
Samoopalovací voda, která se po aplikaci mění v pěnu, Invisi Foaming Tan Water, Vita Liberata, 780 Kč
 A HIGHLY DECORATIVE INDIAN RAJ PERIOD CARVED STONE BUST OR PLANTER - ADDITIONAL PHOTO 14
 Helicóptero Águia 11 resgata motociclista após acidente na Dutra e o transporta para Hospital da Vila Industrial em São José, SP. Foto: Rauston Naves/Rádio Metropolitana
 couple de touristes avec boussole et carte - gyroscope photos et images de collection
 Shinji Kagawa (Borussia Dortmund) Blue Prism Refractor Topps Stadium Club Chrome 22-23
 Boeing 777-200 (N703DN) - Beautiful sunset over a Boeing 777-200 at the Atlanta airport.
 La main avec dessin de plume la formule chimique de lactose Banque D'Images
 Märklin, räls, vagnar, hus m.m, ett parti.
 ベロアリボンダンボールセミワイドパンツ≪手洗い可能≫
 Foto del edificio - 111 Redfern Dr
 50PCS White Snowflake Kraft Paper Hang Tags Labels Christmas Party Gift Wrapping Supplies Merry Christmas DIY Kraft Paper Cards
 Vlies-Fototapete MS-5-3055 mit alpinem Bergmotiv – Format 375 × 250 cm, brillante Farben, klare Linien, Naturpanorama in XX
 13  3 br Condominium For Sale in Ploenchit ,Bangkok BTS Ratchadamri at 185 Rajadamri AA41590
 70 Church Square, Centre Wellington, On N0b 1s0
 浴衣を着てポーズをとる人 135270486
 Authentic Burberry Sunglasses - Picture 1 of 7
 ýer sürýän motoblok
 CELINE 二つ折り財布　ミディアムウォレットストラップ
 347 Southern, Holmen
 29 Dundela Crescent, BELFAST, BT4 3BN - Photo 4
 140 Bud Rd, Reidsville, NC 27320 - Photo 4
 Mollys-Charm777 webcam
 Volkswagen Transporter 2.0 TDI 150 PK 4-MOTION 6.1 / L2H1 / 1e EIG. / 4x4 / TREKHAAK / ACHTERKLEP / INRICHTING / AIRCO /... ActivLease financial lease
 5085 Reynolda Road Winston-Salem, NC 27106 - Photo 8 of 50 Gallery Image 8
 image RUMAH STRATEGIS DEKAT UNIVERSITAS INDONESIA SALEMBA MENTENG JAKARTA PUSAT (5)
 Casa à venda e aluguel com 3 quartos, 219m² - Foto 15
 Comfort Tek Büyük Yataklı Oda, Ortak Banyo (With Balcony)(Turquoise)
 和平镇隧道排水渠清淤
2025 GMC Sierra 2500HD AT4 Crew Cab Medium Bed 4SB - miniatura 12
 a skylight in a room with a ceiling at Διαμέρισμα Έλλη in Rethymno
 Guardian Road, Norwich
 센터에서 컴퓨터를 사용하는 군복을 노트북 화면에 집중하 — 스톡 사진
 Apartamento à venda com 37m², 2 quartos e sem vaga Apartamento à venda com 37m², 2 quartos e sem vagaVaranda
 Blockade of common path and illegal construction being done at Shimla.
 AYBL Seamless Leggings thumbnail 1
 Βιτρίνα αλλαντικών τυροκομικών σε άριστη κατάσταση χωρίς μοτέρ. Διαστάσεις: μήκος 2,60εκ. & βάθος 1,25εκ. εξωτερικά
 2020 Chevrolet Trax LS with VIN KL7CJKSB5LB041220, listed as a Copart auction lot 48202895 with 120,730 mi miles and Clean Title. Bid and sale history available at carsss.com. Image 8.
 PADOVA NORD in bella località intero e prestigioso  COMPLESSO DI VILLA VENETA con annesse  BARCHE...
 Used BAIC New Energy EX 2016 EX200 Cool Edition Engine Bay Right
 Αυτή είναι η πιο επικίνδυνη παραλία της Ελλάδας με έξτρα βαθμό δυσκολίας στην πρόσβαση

WORK ITEM →
Begin at the line that has "A HIGHLY DECORATIVE" in the entries above; stop after the line that has "couple de touristes". Transcribe exactly those lines and no others.

EXERCISE ANSWER →
 A HIGHLY DECORATIVE INDIAN RAJ PERIOD CARVED STONE BUST OR PLANTER - ADDITIONAL PHOTO 14
 Helicóptero Águia 11 resgata motociclista após acidente na Dutra e o transporta para Hospital da Vila Industrial em São José, SP. Foto: Rauston Naves/Rádio Metropolitana
 couple de touristes avec boussole et carte - gyroscope photos et images de collection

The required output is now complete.